Das liegt daran, dass Frauenfußball, zumindest in Deutschland, ein Eventsport ist. Das hat er mit dem Schwimmen gemein, das auch nur bei Olympischen Spielen und WMs eine gewisse Aufmerksamkeit erfährt, dem es aber gleichwohl gelungen ist, Stars zu produzieren: Franziska van Almsick, Britta Steffen, Marco Koch. Doch für die Bundesliga der Schwimmer (doch, die gibt’s!) interessiert sich niemand.

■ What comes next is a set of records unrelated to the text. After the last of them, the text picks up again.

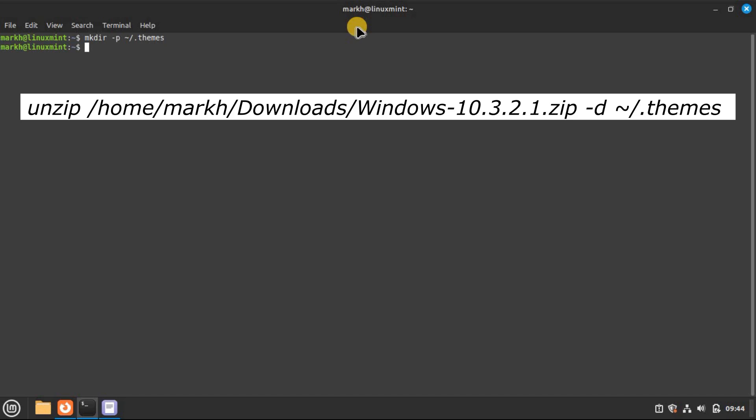Follow that with the unzip command to decompress it and drop it in the themes folder. Just tweak the directory path and name for the file if yours is different.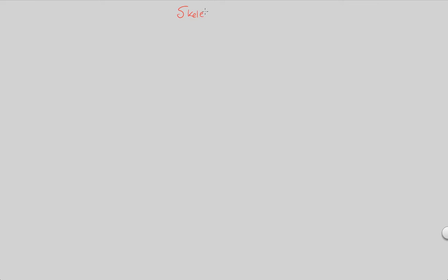In this next flowchart and video, we'll continue our look at skeletal muscle, entitling the next flowchart Skeletal Muscle 2. The first thing I want to get out of the way and make clear is the following.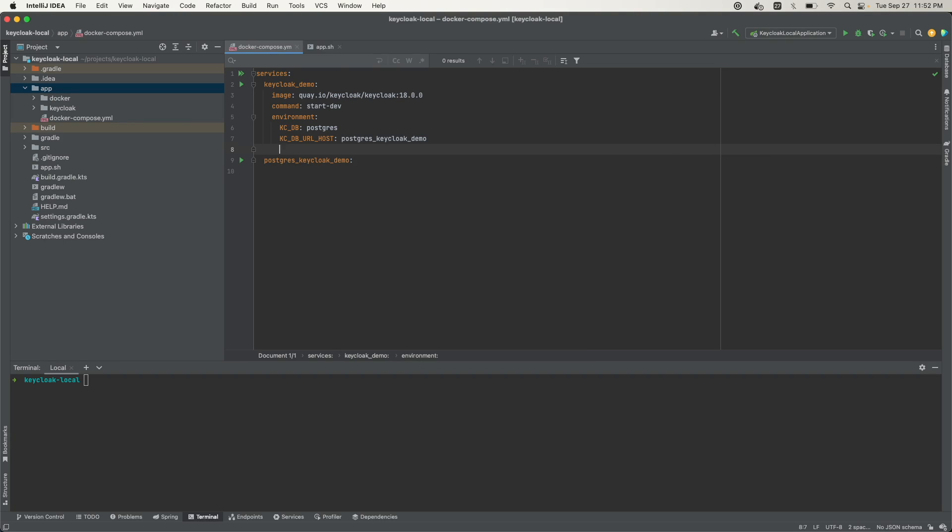Next, we need to define the database name. The variable for that is KC_DB_URL_DATABASE. We'll just give it a name, in this case it's Keycloak.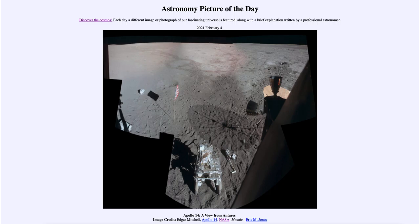Today's picture for February the 4th of 2021 is titled 'Apollo 14: A View from Antares.' This is not from Antares the star, which is very distant — this is from Antares the lunar module for Apollo 14, which 50 years ago this coming Friday will have landed on the moon.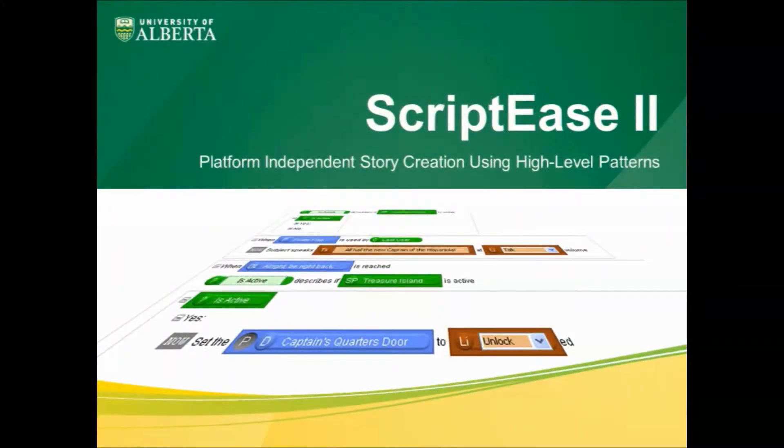Hello, this is an introduction to ScriptBeast 2, a platform-independent story creation tool using high-level patterns.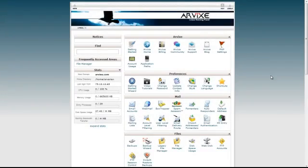Hello, this is Arian for Arvix Web Hosting, and today I'm going to show you how to install Joomla using Softaculous.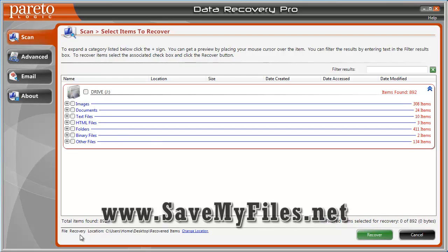Down here it says file recovery location — on my desktop in the folder 'recovered items' — and I can change that if I want. When I click recover, it's automatically going to recover all those files and put them in that folder in this location right here.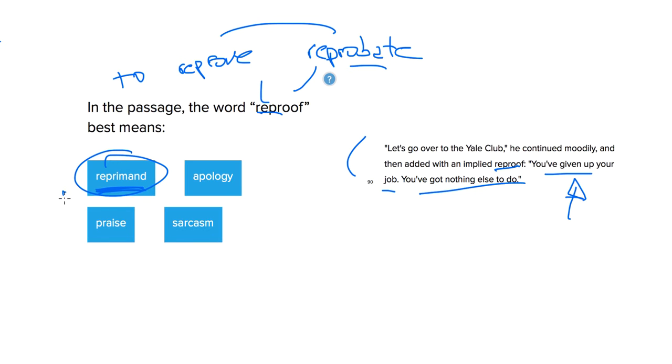You're telling a friend, and because of the colon here, we know the reproof is him saying, you've given up your job. You've got nothing else to do.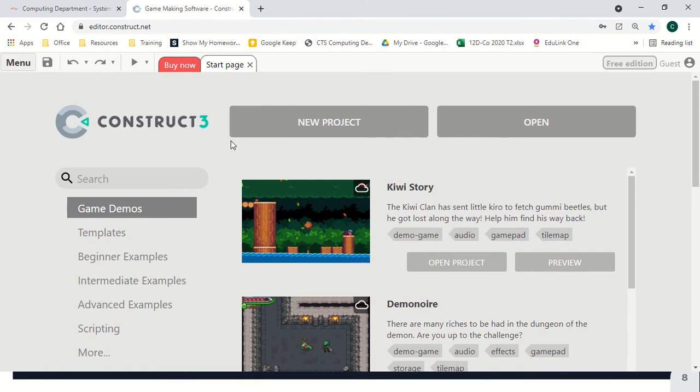Welcome to Construct in 5, where I teach you to make a game in 5 minutes. This week, the Google Dinosaur game.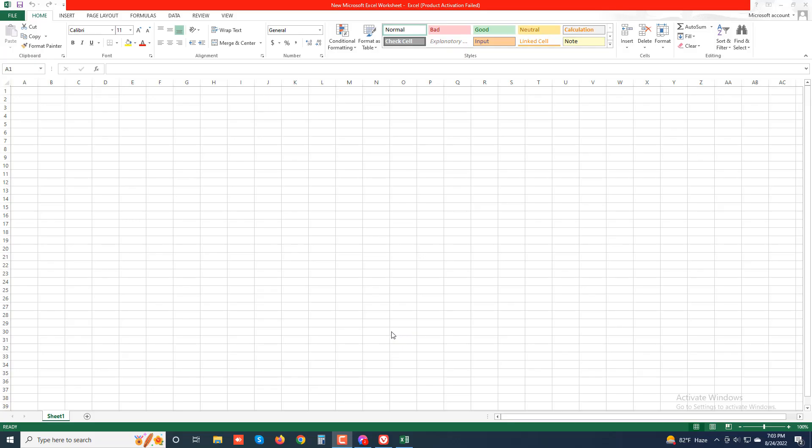Assalamu alaikum, welcome to my new video. Today I will discuss ripping through the ribbon. The ribbon groups related commands together with the goal of showing you all the most commonly used options needed to perform a particular Excel task.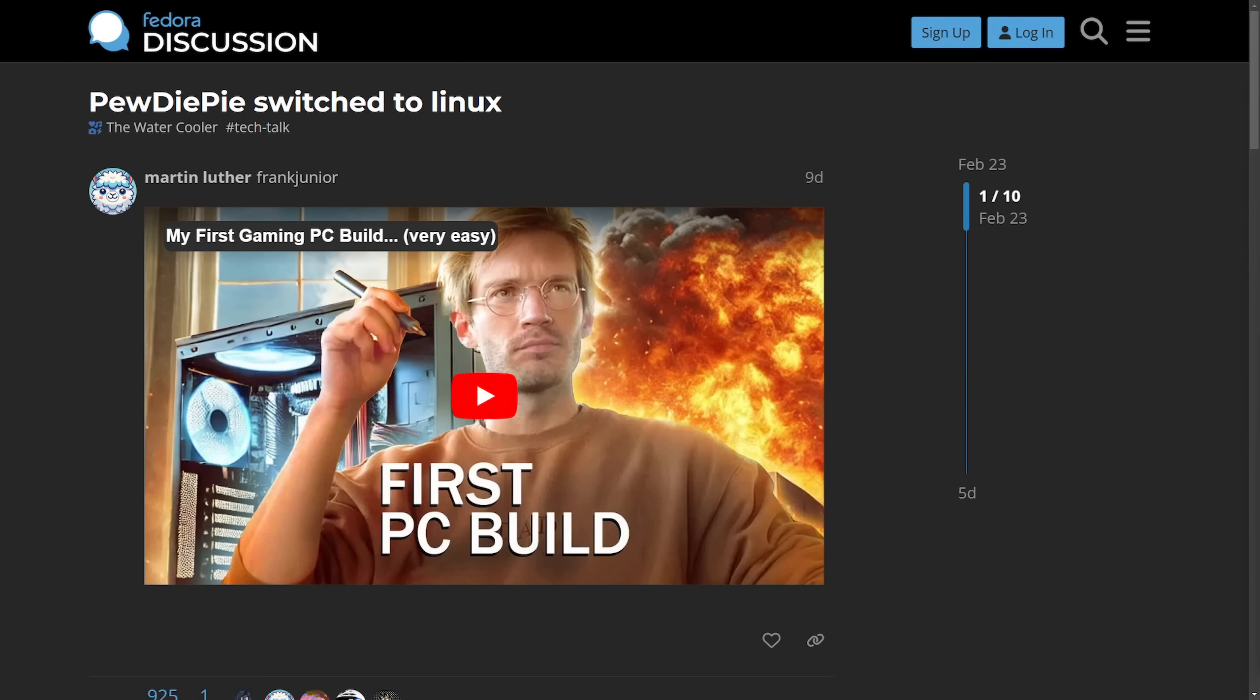I haven't heard many people discussing this, so I thought it'd be a little fun to talk about it. A massive YouTuber is now using Linux. Yes, PewDiePie has made the switch.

Die immer wieder geäußerte Hoffnung, der Frauenfußball möge doch bitte einen ähnlichen Stellenwert wie das Kicken der Männer erhalten, ist illusio­när: Der Platz der hegemonialen Sportart ist in Deutschland, wie in den allermeisten Gesellschaften der Welt auch, vergeben: Männerfußball. Alles andere – ob Tennis, Boxen, Handball oder Biathlon – sortiert sich dahinter ein. Und da stehen die Kickerinnen, die gerade in den Niederlanden ihren EM-Titel verteidigen wollen, gar nicht so schlecht da. Besser als Wasserball.